Ampana, Sulteng – Pemerintah Kabupaten Tojo Una-Una menerima kunjungan kerja strategis dari Kepala Perwakilan Bank Indonesia (BI) Provinsi Sulawesi Tengah dalam rangka penguatan ekonomi berbasis kerakyatan.
Pertemuan yang berlangsung di Hotel Lawaka, Rabu (22/4/2026), ini dirangkaikan dengan penyerahan bantuan secara simbolis bagi pengembangan desa wisata di wilayah “Bumi Sivia Patuju”.
Acara tersebut dihadiri langsung oleh Wakil Bupati Tojo Una-Una, Surya, S.Sos., M.Si., Sekretaris Daerah Alfian Matadjeng, unsur Forkopimda, serta jajaran Kepala Organisasi Perangkat Daerah (OPD) terkait.
Dalam sambutannya, Wakil Bupati Surya menyampaikan apresiasi dan penghargaan setinggi-tingginya kepada Bank Indonesia atas perhatian nyata terhadap pembangunan di daerah, khususnya di sektor pariwisata yang menjadi salah satu pilar ekonomi Tojo Una-Una.

“Kunjungan ini bukan sekadar bentuk perhatian, melainkan wujud nyata komitmen dalam mendorong penguatan ekonomi daerah melalui sektor pariwisata berbasis desa,” ujar Wakil Bupati.
Beliau menekankan bahwa bantuan yang diberikan oleh BI sangat berarti dalam memperkuat kapasitas kelembagaan, peningkatan sarana prasarana, serta pengembangan produk wisata lokal agar lebih berdaya saing.
Selain BI, apresiasi juga diberikan kepada Bank Sulawesi Tengah yang selama ini menjadi mitra strategis pemerintah dalam mendukung UMKM dan akses keuangan masyarakat.
Lebih lanjut, Wakil Bupati mengingatkan bahwa meskipun kawasan Kepulauan Togean sudah mendunia, kesiapan masyarakat dan kualitas layanan tetap menjadi kunci utama.
“Pengembangan desa wisata tidak hanya bergantung pada keindahan alam, tetapi juga pada kesiapan infrastruktur dan kemandirian masyarakatnya.
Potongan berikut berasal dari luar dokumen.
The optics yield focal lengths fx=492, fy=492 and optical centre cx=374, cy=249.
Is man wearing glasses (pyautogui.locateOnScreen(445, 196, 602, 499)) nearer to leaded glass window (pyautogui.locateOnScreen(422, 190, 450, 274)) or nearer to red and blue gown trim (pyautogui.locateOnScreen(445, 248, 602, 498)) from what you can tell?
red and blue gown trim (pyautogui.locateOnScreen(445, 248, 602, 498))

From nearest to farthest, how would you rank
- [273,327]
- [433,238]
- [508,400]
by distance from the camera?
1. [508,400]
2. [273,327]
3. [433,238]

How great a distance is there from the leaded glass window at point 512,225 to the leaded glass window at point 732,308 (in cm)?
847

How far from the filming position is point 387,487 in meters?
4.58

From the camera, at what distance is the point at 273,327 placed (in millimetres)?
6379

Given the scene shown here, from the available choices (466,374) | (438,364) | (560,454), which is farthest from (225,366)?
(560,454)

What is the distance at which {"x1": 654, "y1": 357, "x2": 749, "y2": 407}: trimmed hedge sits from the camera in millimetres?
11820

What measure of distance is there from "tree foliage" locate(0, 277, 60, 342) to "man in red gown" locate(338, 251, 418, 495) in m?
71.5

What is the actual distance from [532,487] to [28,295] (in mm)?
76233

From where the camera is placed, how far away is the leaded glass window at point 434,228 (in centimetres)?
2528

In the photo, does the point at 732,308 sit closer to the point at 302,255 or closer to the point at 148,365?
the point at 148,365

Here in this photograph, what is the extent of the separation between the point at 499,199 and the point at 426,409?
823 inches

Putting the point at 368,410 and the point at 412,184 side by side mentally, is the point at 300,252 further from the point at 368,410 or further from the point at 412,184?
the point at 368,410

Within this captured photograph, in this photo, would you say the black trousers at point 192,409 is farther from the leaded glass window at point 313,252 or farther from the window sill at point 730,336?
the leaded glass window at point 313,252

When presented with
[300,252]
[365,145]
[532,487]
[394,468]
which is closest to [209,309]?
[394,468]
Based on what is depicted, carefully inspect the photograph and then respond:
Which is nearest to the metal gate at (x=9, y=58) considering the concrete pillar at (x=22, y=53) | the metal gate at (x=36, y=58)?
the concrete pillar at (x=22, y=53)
Kami berharap bantuan ini menjadi pemicu semangat warga desa untuk terus berinovasi,” tambahnya.
Mengakhiri arahannya, Wakil Bupati Surya menekankan empat poin penting bagi pemerintah desa penerima bantuan. Pertama, pemerintah desa diminta segera menyusun Peraturan Desa (Perdes) Wisata agar ada dasar hukum yang jelas untuk intervensi dan kontribusi bagi desa.
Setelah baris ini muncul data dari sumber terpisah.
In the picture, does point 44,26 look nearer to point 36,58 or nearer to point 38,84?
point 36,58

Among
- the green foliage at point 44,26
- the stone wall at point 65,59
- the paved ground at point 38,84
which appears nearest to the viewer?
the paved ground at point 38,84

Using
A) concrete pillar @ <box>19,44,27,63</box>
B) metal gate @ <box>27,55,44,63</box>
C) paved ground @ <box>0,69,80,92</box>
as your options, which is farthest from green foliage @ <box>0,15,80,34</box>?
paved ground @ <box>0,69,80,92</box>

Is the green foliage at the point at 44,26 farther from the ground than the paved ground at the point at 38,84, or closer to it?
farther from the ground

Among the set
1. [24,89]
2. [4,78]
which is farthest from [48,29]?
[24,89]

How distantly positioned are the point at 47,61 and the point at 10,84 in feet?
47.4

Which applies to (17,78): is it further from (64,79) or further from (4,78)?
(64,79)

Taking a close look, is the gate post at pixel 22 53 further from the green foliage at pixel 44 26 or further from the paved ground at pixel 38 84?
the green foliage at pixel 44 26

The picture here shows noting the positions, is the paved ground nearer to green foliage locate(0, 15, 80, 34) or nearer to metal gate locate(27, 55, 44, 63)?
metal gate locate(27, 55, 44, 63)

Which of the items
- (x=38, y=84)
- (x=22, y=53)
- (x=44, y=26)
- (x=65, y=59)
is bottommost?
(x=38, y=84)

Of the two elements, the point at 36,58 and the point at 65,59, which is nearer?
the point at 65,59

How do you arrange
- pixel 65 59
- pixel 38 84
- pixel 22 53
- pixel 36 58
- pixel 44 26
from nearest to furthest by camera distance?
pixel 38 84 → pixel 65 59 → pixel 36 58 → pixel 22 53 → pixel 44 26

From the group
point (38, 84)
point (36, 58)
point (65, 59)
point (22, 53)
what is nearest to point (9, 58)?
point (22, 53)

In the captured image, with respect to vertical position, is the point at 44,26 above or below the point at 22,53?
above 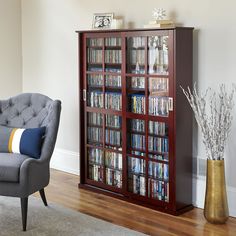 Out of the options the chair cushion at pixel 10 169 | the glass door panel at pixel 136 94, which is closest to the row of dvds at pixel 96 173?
the glass door panel at pixel 136 94

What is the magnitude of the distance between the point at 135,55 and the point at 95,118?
834 millimetres

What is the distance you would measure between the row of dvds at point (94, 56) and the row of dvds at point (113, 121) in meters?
0.55

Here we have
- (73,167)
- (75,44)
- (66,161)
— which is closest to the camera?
(75,44)

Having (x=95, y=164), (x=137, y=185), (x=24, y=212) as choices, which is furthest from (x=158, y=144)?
(x=24, y=212)

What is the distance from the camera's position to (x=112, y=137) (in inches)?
183

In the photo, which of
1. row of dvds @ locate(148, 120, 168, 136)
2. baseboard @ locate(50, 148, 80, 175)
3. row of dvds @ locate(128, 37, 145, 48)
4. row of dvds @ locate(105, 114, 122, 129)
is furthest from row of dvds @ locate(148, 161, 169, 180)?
baseboard @ locate(50, 148, 80, 175)

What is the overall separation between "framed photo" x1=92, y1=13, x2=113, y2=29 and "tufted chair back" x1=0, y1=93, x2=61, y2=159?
0.97 m

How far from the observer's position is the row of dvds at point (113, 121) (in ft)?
14.9

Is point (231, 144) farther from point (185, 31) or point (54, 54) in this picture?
point (54, 54)

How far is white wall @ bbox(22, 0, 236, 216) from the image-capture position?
399 cm

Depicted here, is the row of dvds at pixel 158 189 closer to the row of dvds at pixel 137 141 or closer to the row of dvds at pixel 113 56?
the row of dvds at pixel 137 141

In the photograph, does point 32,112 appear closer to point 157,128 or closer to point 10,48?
point 157,128

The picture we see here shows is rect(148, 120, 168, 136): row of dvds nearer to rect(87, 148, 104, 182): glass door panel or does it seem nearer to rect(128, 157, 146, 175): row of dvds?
rect(128, 157, 146, 175): row of dvds

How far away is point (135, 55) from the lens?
4.32 m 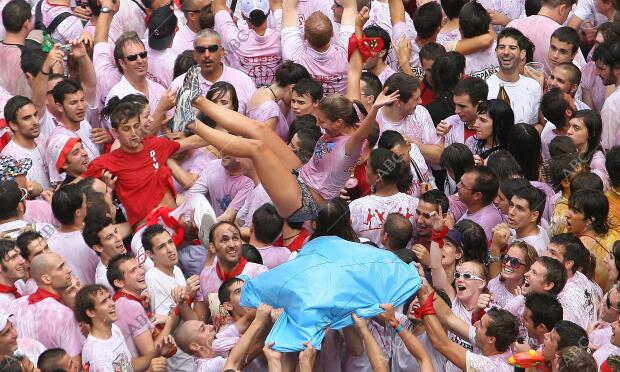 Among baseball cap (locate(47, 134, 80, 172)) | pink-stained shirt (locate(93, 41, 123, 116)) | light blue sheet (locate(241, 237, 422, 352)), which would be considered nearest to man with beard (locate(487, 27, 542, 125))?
pink-stained shirt (locate(93, 41, 123, 116))

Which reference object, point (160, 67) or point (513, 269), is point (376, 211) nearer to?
point (513, 269)

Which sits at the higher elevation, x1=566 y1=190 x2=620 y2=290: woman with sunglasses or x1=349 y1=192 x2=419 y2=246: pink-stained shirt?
x1=566 y1=190 x2=620 y2=290: woman with sunglasses

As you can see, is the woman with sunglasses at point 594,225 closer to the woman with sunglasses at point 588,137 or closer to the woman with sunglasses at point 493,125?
the woman with sunglasses at point 588,137

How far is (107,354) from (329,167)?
6.57ft

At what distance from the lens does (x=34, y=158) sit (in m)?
10.6

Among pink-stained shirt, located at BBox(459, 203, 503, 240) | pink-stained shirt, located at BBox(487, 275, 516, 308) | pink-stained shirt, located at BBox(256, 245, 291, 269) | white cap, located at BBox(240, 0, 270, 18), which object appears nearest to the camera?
pink-stained shirt, located at BBox(487, 275, 516, 308)

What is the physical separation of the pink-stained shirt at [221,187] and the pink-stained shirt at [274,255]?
77 cm

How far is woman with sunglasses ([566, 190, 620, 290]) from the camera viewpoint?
30.7ft

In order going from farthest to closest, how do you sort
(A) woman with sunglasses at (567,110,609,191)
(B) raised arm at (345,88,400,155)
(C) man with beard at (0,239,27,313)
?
1. (A) woman with sunglasses at (567,110,609,191)
2. (B) raised arm at (345,88,400,155)
3. (C) man with beard at (0,239,27,313)

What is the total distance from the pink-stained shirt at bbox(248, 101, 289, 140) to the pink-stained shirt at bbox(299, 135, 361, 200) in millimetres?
1026

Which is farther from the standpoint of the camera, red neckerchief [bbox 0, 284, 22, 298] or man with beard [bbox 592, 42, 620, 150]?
man with beard [bbox 592, 42, 620, 150]

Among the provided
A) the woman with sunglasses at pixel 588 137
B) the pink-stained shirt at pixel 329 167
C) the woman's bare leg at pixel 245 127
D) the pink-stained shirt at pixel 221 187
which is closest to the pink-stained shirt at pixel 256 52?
the pink-stained shirt at pixel 221 187

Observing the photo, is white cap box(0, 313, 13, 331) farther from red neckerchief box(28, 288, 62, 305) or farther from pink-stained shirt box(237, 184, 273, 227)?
pink-stained shirt box(237, 184, 273, 227)

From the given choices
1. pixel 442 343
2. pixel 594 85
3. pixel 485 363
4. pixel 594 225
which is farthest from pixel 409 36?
pixel 485 363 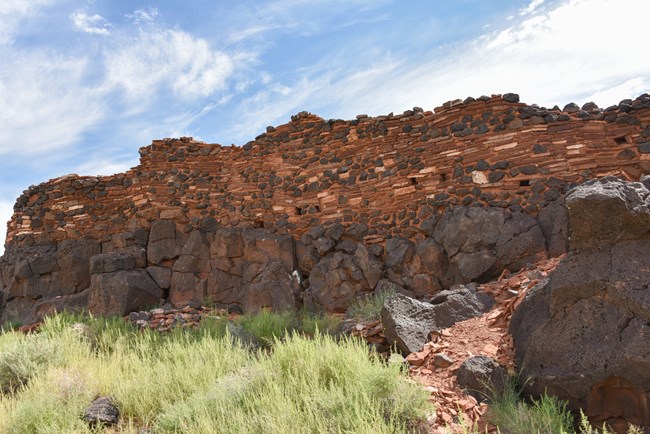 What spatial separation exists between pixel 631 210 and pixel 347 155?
6.42 m

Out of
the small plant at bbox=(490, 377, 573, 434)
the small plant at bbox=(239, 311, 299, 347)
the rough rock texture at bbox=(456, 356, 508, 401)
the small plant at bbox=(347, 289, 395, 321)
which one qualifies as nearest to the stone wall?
the small plant at bbox=(347, 289, 395, 321)

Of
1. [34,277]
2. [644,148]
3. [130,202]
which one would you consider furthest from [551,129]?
[34,277]

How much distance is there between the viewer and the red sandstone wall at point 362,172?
8.03 m

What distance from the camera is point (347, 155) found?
33.7 ft

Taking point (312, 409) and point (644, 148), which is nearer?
point (312, 409)

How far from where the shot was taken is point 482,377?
14.5 ft

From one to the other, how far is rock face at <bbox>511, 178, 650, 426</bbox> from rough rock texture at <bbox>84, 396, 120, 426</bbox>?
163 inches

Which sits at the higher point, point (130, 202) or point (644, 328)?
point (130, 202)

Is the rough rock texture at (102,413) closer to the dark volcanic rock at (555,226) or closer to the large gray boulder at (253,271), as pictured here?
the large gray boulder at (253,271)

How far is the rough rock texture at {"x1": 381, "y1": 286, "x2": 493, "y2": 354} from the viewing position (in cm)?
550

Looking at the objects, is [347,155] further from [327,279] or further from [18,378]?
[18,378]

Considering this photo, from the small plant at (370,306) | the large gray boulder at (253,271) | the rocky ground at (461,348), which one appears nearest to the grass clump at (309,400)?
the rocky ground at (461,348)

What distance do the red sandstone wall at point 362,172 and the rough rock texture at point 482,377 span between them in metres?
4.33

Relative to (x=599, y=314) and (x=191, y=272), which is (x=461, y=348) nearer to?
(x=599, y=314)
Kedua, Peran pemerintah desa harus maksimal agar kepercayaan dari pihak perbankan, termasuk bantuan tahap berikutnya dari BI, dapat terus berkelanjutan.
Ketiga, Desa wajib menyediakan sarana kebersihan seperti tempat sampah untuk menjaga estetika dan kenyamanan wisatawan. Dan yang terakhir, mendorong kerja sama dengan pihak swasta dalam pengadaan fasilitas penunjang lainnya.
“Sesuai visi pembangunan kita menuju masyarakat yang maju dan sejahtera, mari kita kelola bantuan ini secara profesional dan transparan demi kemajuan Tojo Una-Una yang kita cintai,” tutupnya.